── Source material

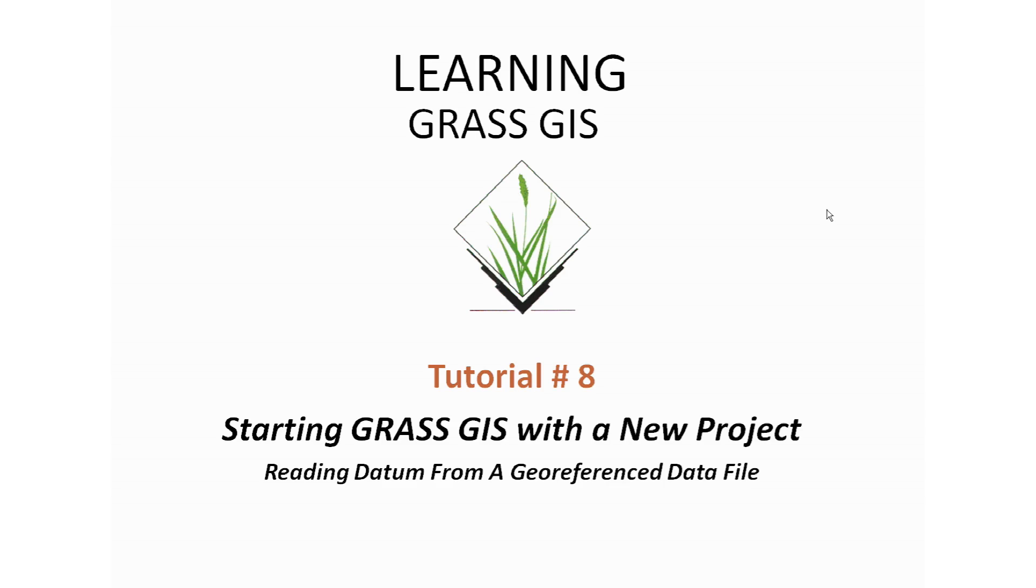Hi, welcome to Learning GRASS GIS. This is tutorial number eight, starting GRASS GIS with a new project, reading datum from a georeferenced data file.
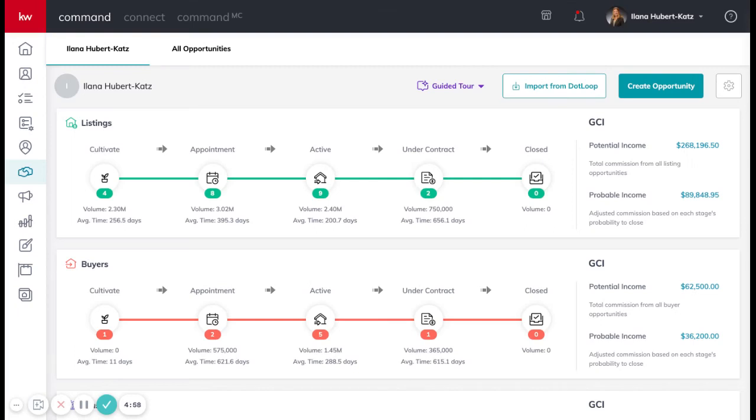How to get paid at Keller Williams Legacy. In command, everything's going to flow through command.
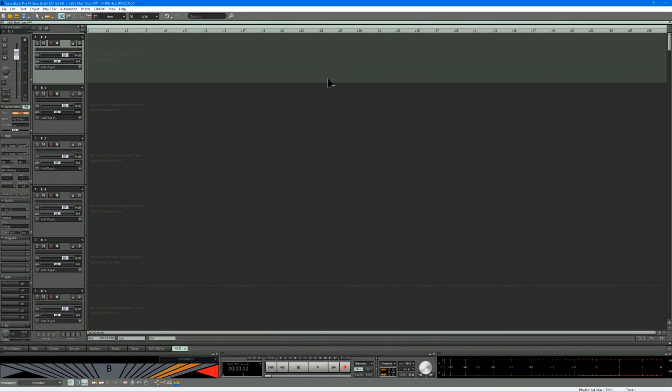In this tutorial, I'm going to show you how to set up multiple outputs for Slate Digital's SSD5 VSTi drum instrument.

────

What is expected - What you give back must be exactly the lines of the listing above from the line containing "How to get paid" through its last line, inclusive, without pictures, please.

Result -
How to get paid at Keller Williams Legacy. In command, everything's going to flow through command.
In this tutorial, I'm going to show you how to set up multiple outputs for Slate Digital's SSD5 VSTi drum instrument.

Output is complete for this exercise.